WVU has been doing this ceremony for around 10 years, and the deadline for students to register this year is April 19. For the second consecutive year, WVU will be holding this ceremony virtually.
Diversity outreach coordinator Aisury Vasquez has been part of the multicultural graduation process for the past two years it has been held online. Students interested in participating must apply and register their information through the Division of Diversity, Equity and Inclusion website.
“We actually have a registration link set up online on the diversity website and it's as easy as inputting your info; we’re asking for students that graduated August, December of 2020, as well as any 2021 graduates,” Vazquez said. “Once they fill it out online, I'll connect with those students to have them select their stole, and then we can kind of go from there.”
Although the ceremony has been restricted from its fullest extent, the significance of having this event remains the same.
“I think that any opportunity that a predominantly white institution has to celebrate students that have historically been underrepresented and intentionally kept out of educational spaces is an opportunity that we should embrace,” Vazquez said. “It’s a celebration intentionally highlighting, honoring and commemorating the achievements of underrepresented students at WVU.”
Recent WVU alumna Aisha Hashmi took part in the multicultural celebration during the first time it was held online.
“It’s really important to me, especially here; I grew up in Canada, and I was around my culture a lot because there were so many people that were Pakistanis and so many south Asian people over there,” Hashmi said. “Having this opportunity was really special to me because, like I said, I’m extremely proud of my culture, my heritage and it’s something I take a lot of pride in.”
During the first virtual graduation last year, WVU was able to compile a video of all of the graduates, people that submitted pictures of themselves, along with quotes and people they wanted to thank on their journey.
“Obviously that’s not enough,” Vazquez said. “In the past we were able to have snacks, play music and engage in this different way than just saying ‘we put together a video to highlight your achievements.’”

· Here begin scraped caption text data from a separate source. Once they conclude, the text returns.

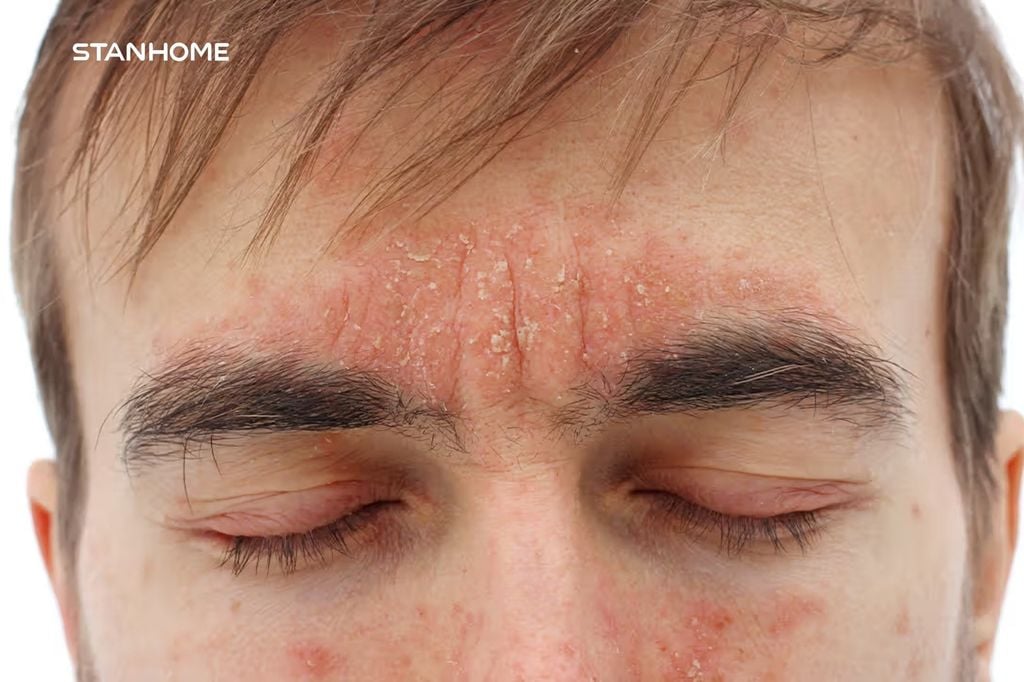 Chăm sóc viêm da tiết bã cần lưu ý gì?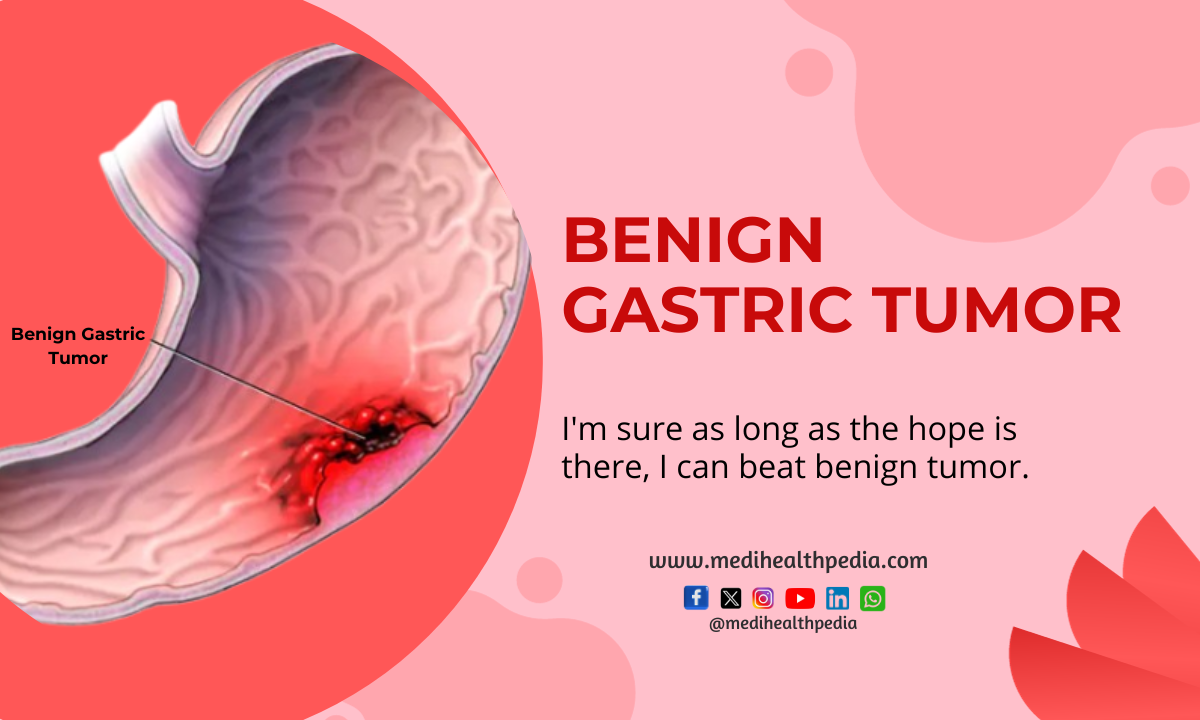 Benign Gastric Tumor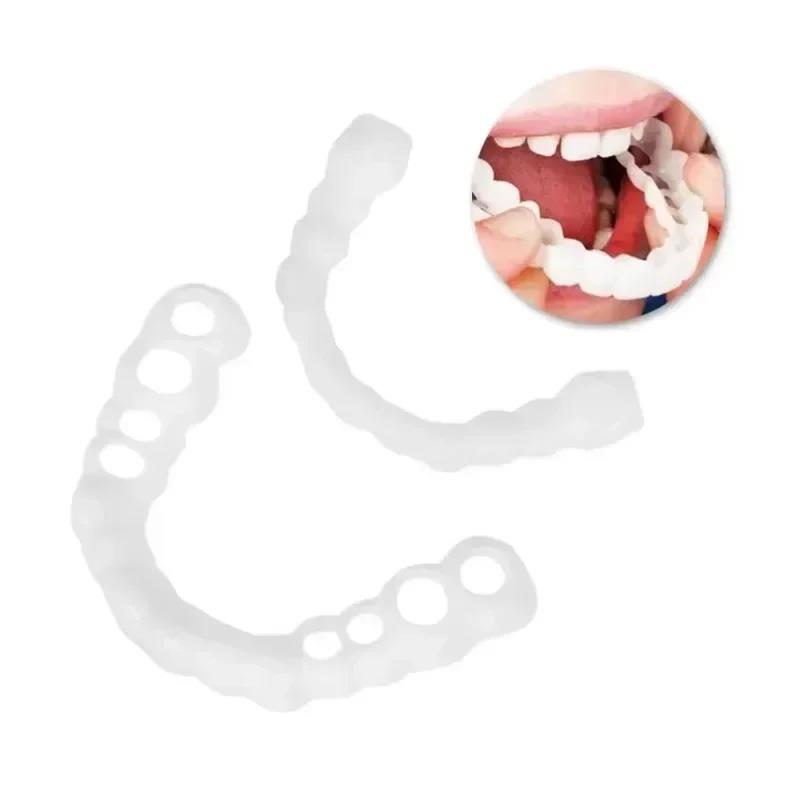 Nouvelles Facettes Dentaires R - Teeth Whitening For Photos avis et prix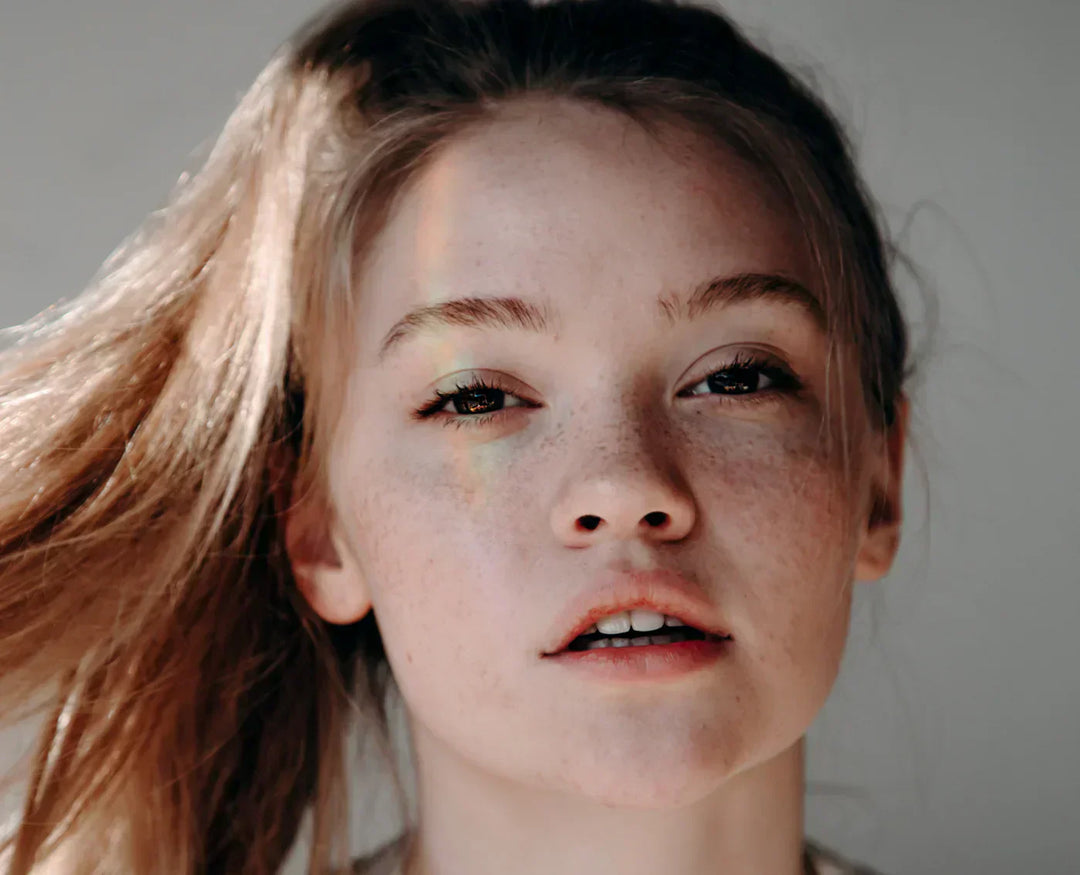 Hyperpigmentation FAQs: What is Hyperpigmentation?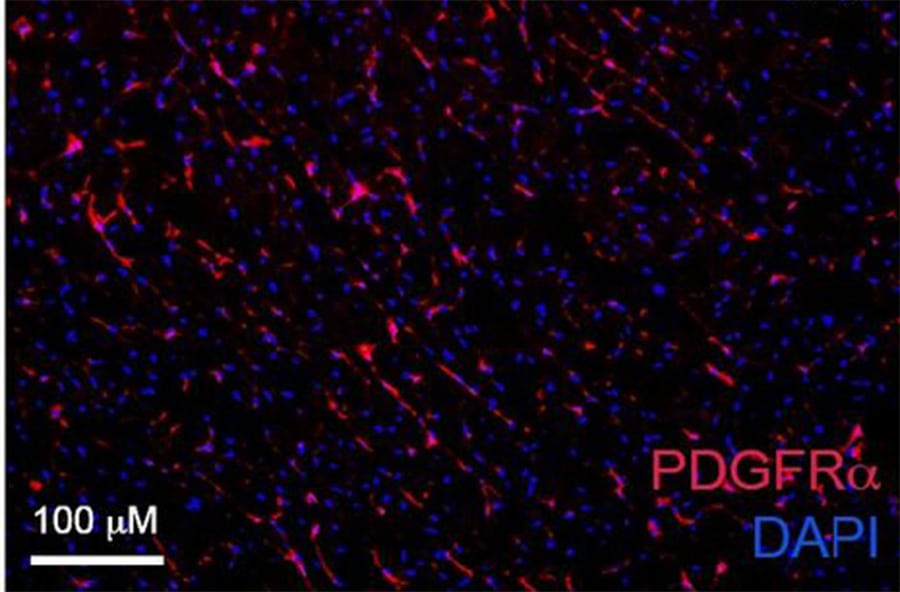 Mouse PDGF R alpha  Antibody AF1062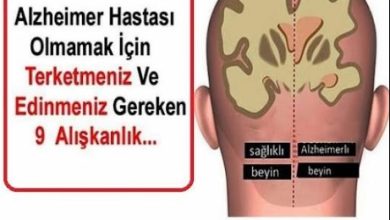 Photo of Alzheimer Hastası Olmamak için dikkat
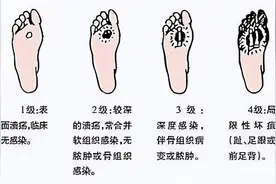 警惕烂脚！糖尿病足早期的4个迹象图片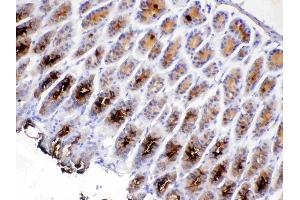 IHC analysis of TFF2 using anti-TFF2 antibody . (Trefoil Factor 2 antibody  (AA 24-129))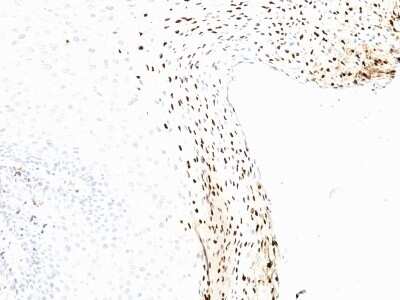 Immunohistochemistry-Paraffin: HPV16 Antibody (CAMVIR-1) [NBP2-45257]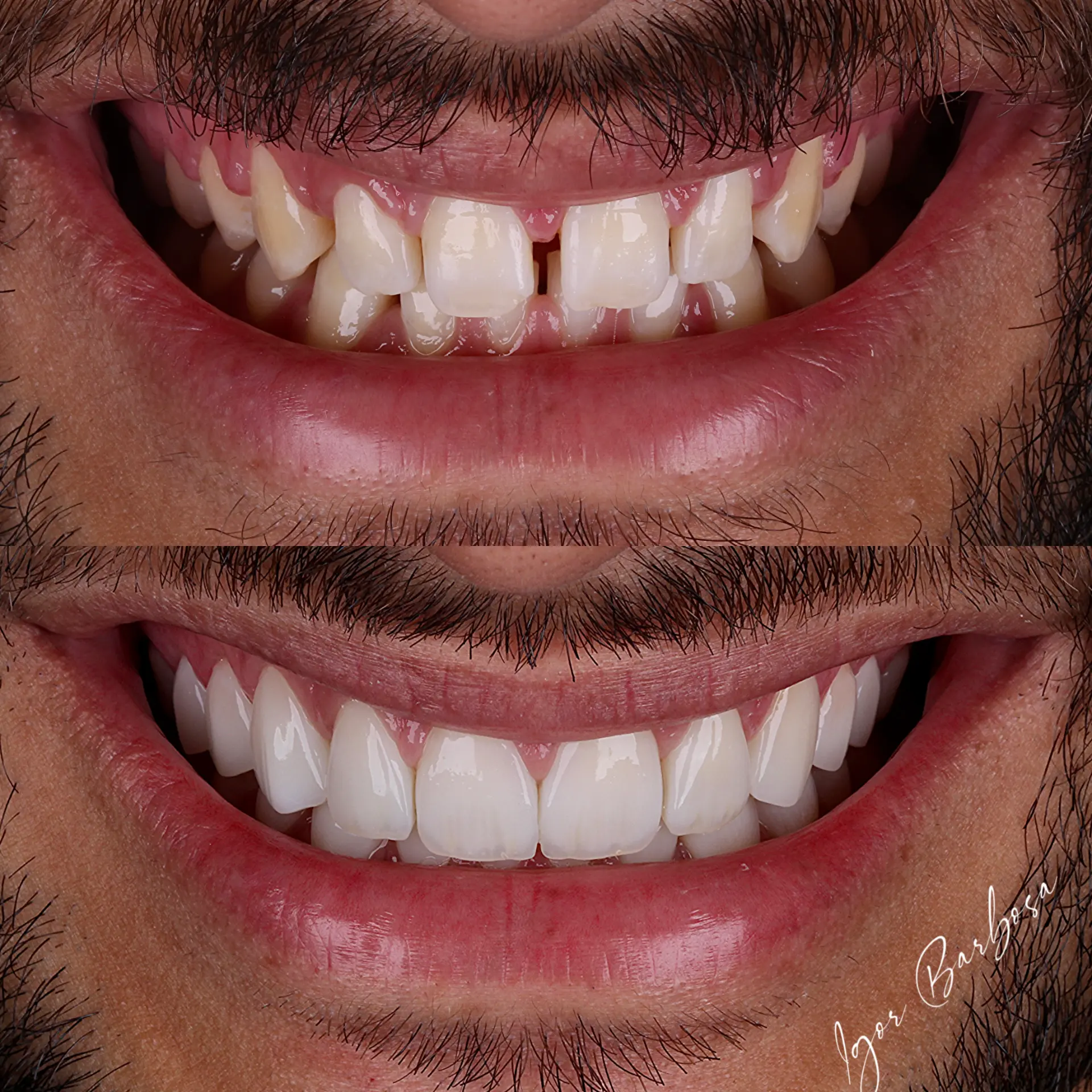 Caso real - lentes em resina Dr. Igor Barbosa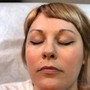 *SALE!-Facial Cupping treatment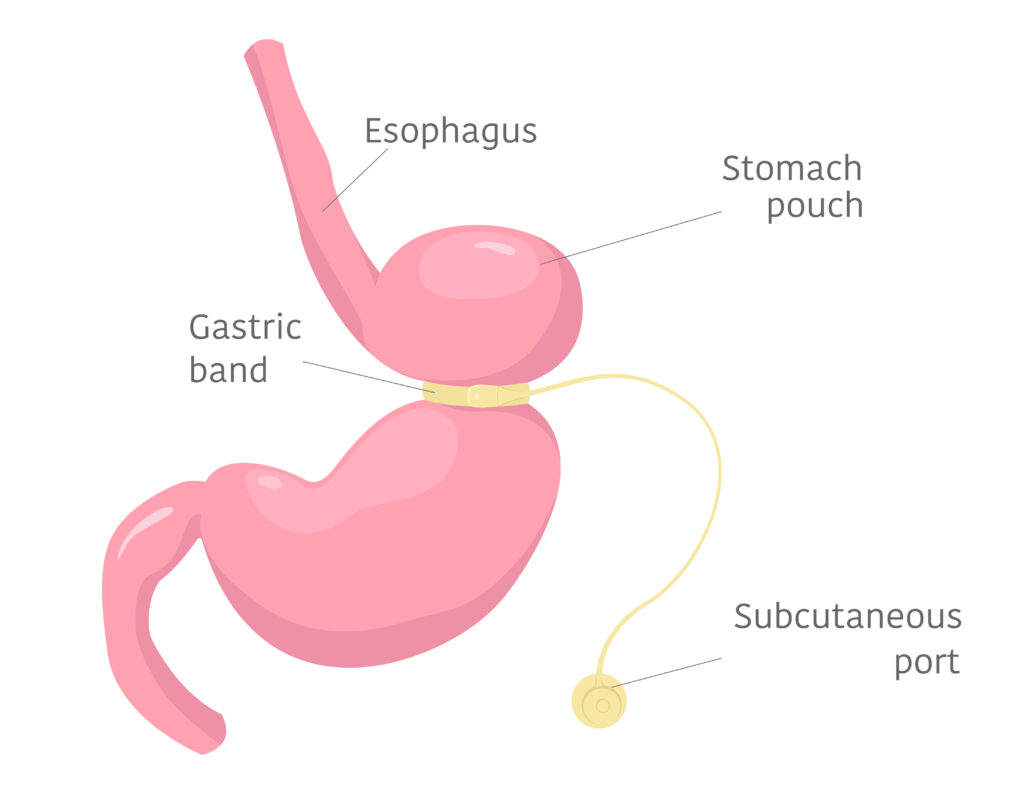 Overview of lap band surgery in people with obesity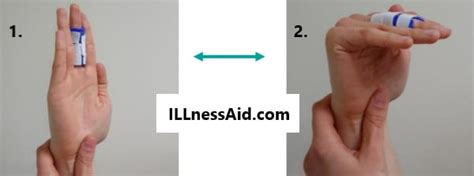 Boutonniere Deformity: Cause, Exercises, and More - ILLnessAid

“I think it’s important because West Virginia and Morgantown are kind of isolated, not many people from different backgrounds come here,” Hashmi said about WVU holding more events like this for culturally diverse students.
“It’s nice to have a celebration of people’s cultures and a celebration of how diverse people are because diversity is a beautiful thing,” Hashmi said. “Especially with the political climate and the tensions that have been going around; it’s important to represent yourself and highlight yourself and show who you are.”
Participants in this year’s ceremony will receive a stole in the mail to wear over their graduation robe during the official graduation ceremony later this year.